> WHAT THIS TASK INVOLVES
Look below for the line with "EC15490_ Pro_Advanced_Controller_Functions.pdf" and the line with "ELBW IVH case study 13페이지". Copy exactly those two lines and every line between, but not the pictures.

> LISTED ENTRIES
::::

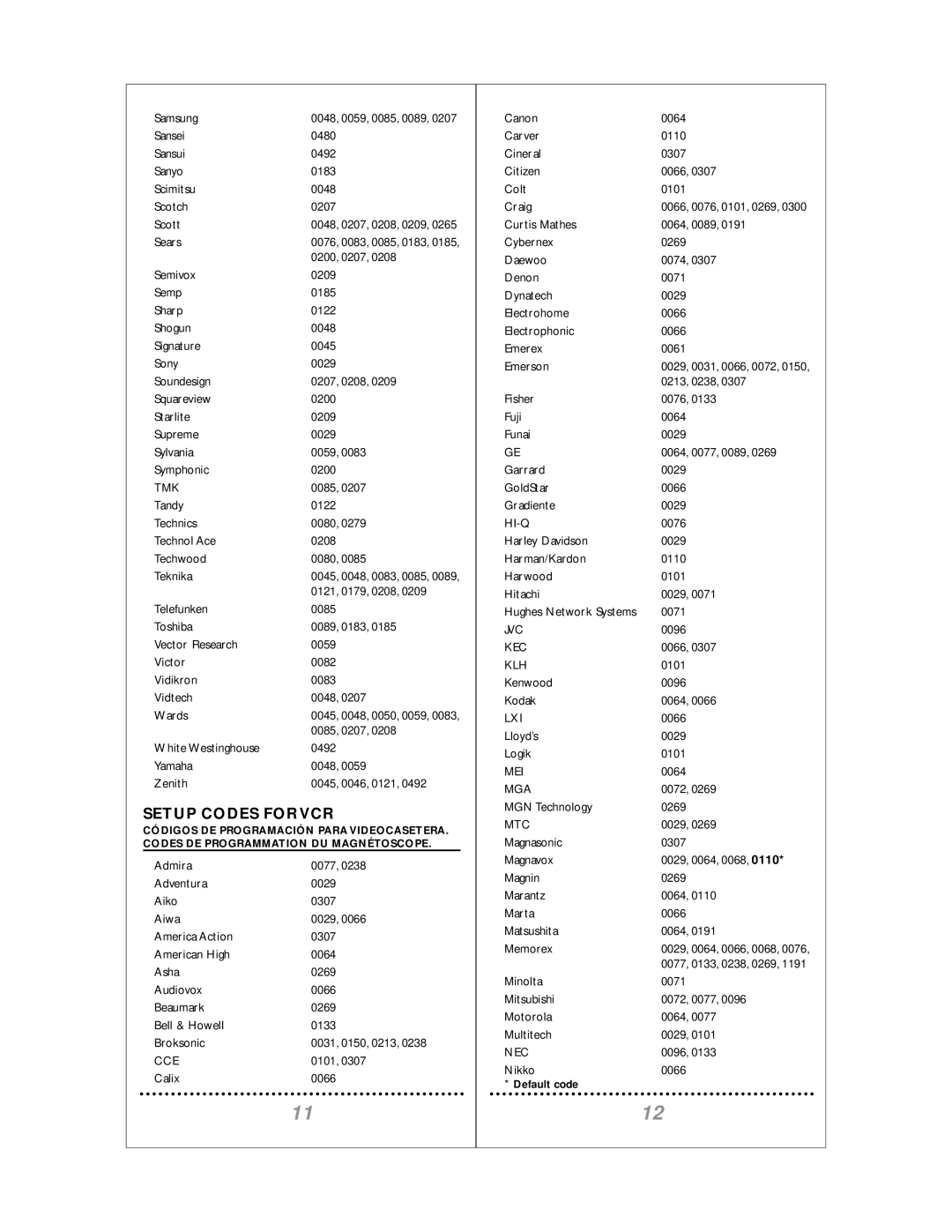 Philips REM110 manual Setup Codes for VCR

::::

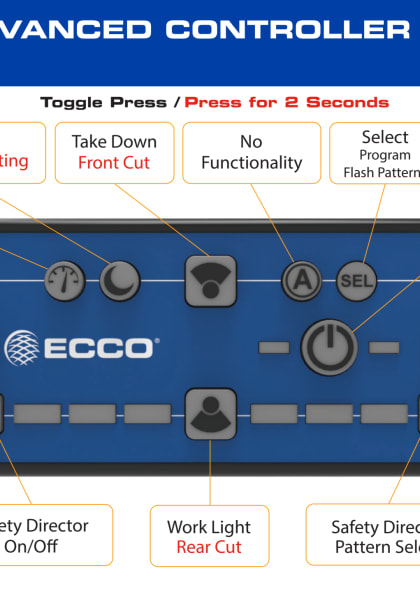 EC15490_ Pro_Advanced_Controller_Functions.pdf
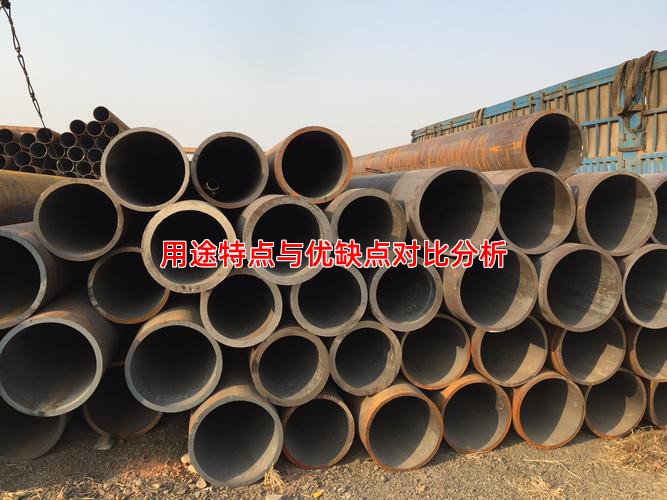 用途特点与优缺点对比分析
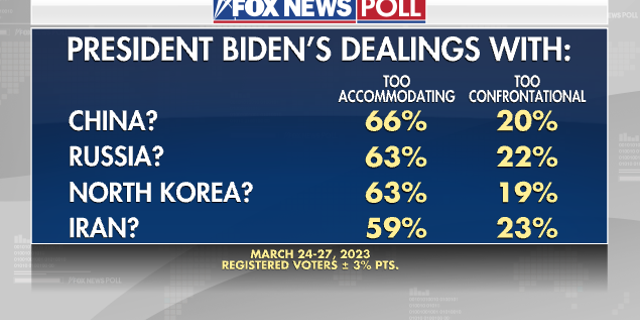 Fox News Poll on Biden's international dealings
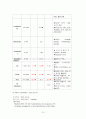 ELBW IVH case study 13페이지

::::

> WRITTEN SOLUTION
 EC15490_ Pro_Advanced_Controller_Functions.pdf
 用途特点与优缺点对比分析
 Fox News Poll on Biden's international dealings
 ELBW IVH case study 13페이지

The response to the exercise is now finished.